Probably a number of reasons, in fact, but few quite as special as the celebration of 25 years since the formation of bgen.
Having grown from an informal meeting of botanic gardens staff sharing experiences and advice over a glass of wine, into a formal, funded body offering support (and wine) to over 200 member organisations, bgen has been at the forefront of promoting and developing botanical education in the UK & Ireland for a quarter of a century.
Offering specialist support and training for professionals working in plant-based education, bgen works to help visitors understand the vital efforts of its member organisations. The members branch from botanic gardens to parks and zoos to historic gardens, all sharing the aim of raising awareness of plant diversity, plant conservation and the role of plants in our lives.
Although the original formation of bgen is somewhat hazy in the memory of most, it is generally agreed that the initial meeting took place between Ian Edwards (RBG Edinburgh), Ruth Taylor (Chelsea Physic Garden), Timothy Walker (Oxford Botanic Garden) and Gail Bromley (Kew Gardens), along with early support from Bill Graham and Julia Willison.

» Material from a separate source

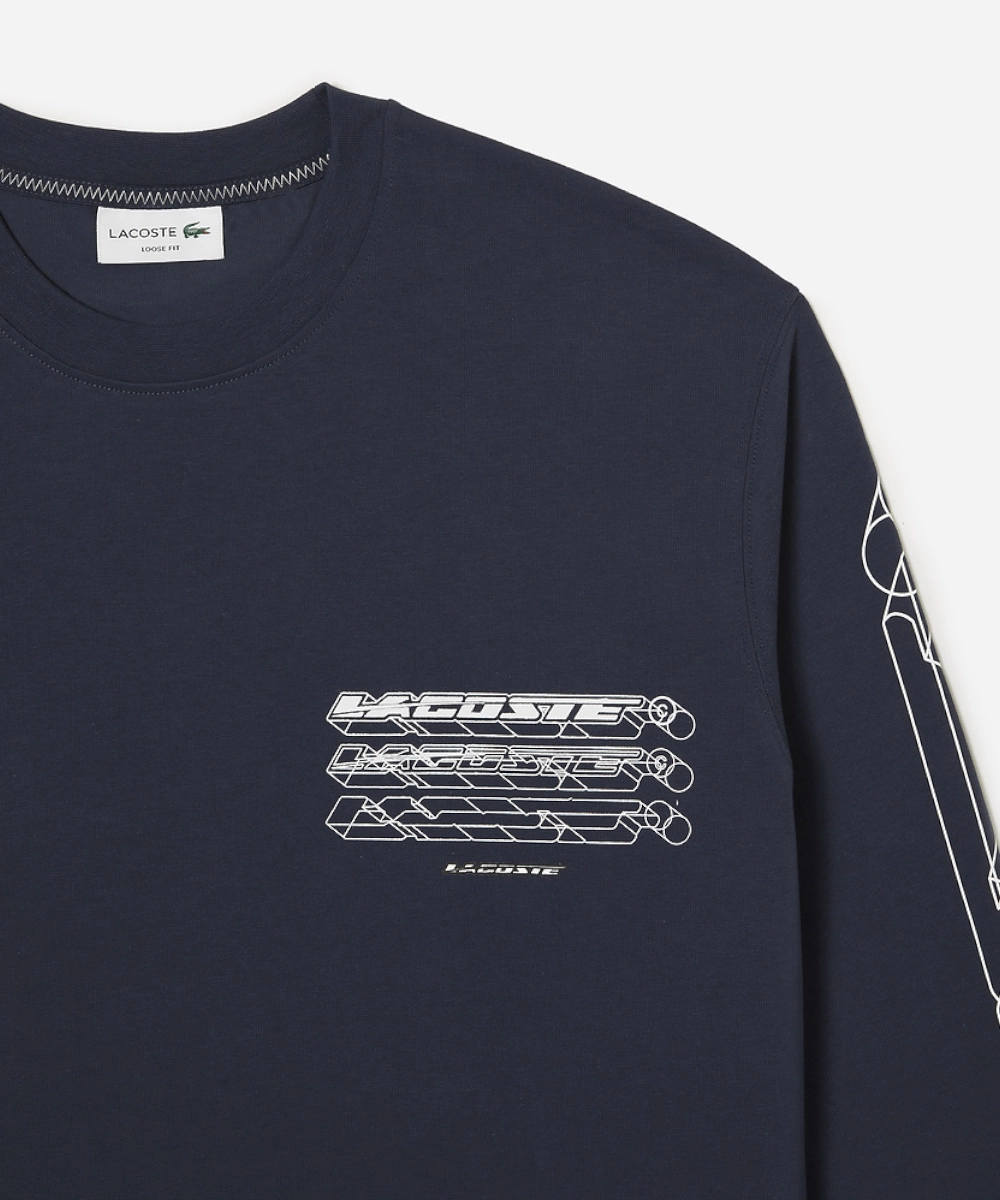 Quiet Core Lacoste Active Loose Fit LS Tee (Blue Night)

But what was the catalyst in forming this network between botanical establishments? “For me, it was the desire to share information and collaborate with others who were often working in isolation”, says Bill. An opinion echoed by Julia, who highlighted “the need for staff working in botanic gardens to communicate about education and develop programmes for the public”.

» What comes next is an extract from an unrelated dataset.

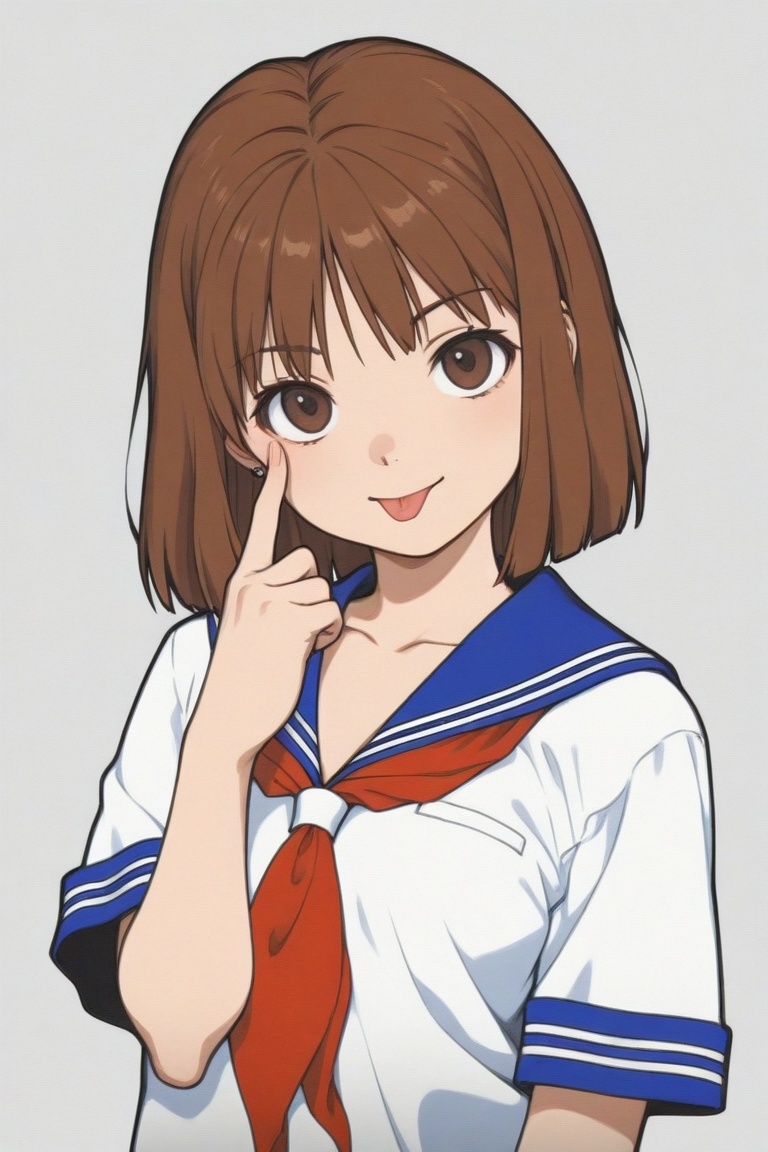 jankengirl,  school uniform,  tongue out on Tensor.Art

The informal initiation of the bgen committee grew into an official body following the first formal meeting in the early 90’s. Again, although few are entirely sure of when the meeting took place, most agree it was at the Botanical Gardens Base in Birmingham in January 1992. It is here that the committee drafted a mission statement and education strategy for bgen, with a focus of widening the audience for botanical gardens and arriving at a funding proposal. In more recent years, the focus has also shifted to broaden the audience of bgen members, growing from strictly botanical gardens and arboreta to including public parks, zoos and educational trusts. Despite growing into an official body, the friendly and networking-focussed nature of bgen has remained, ensuring the original desire of collaborating information to better the plant-based education system as a whole has flourished.

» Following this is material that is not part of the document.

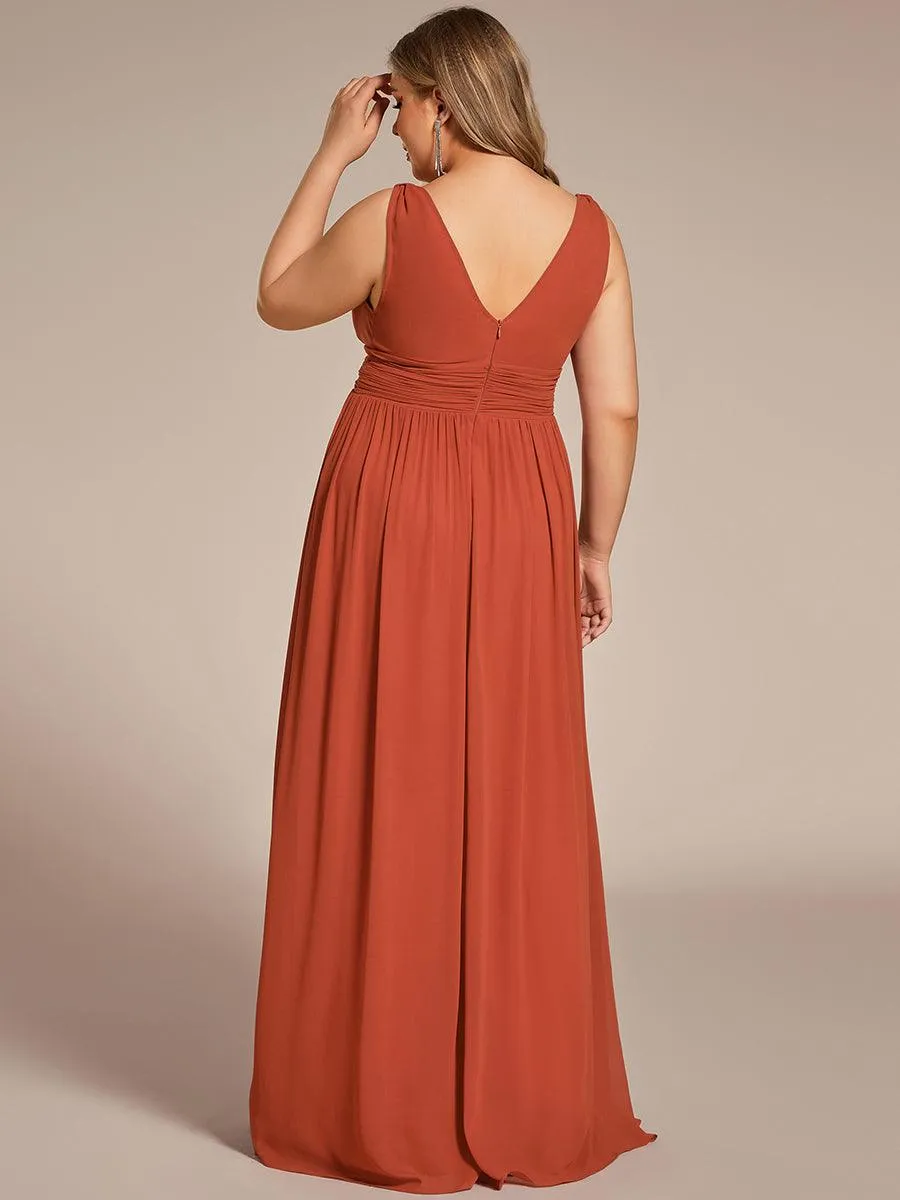 Robe de demoiselle d'honneur Grande Taille à Col V sans Manches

So, why is having a body like bgen important? By having the support and advice of workers in other organisations, the task of promoting and implementing plant-based learning becomes easier. The benefits of plant-based learning are varied and often underestimated: sustainable living, healthy eating, fitness and well-being, paving careers and inspiring learning methods as a whole are among some of the reasons learning through plants can be so widely accessible and, resultantly, enjoyable. As Ian Edwards spoke at Kew Gardens, having accepted his thoroughly-deserved honorary bgen membership, he highlighted “practical gardening projects [as] one of the most important things that bgen has achieved”.
Growing Schools is just one of the projects bgen has supported that have brought the opportunity for kids in schools to connect with the environment – be it on an inner city window ledge, a school’s veg plot or vast open country estate. Growing Schools, managed by Farm & Countryside Education (FACE), strives for every young person to have the opportunity to experience the world beyond the classroom as an essential part of educational and personal development – not just a handful of kids planting some token carrots and cabbage.
The success of bgen over the last 25 years has been an amalgamation of the passion of its members, its willingness to adapt to the rapidly changing world of education and, of course, the free wine at the conferences that have no doubt helped take the edge off. So, where can bgen go in the next 25 years? A number of elements highlight that bgen’s work is just starting, and there is a growing scope for the network to engage people with plant-based education at all levels. As Ian described his “humbling” experience in South America, it is evident that even at the highest-levels there is still so much more to learn about our environment. Essentially taught the entire breakdown of the local ecosystem by a ten year-old child, Ian used this as an example not just of what we have left to learn, but of how the youngest generation still hold that innate intrigue and enthusiasm of the world around them.
Compare this with the frightening statistics of children’s environmental engagement in the UK and it’s clear that the call to action for bgen in the next 25 years has arrived. While digital understanding is flourishing (kids spend on average 7 hours a day looking at a screen), recent statistics show that 59% can’t climb a tree, 63% wouldn’t know how to build a den and 91% can’t recognise 3 types of butterfly. Enter bgen. They are here to provide resources, advice, enthusiasm and green spaces to schools and families, to ensure the mass urbanisation of the world around them doesn’t restrict the opportunity for kids to develop essential personal and educational skills.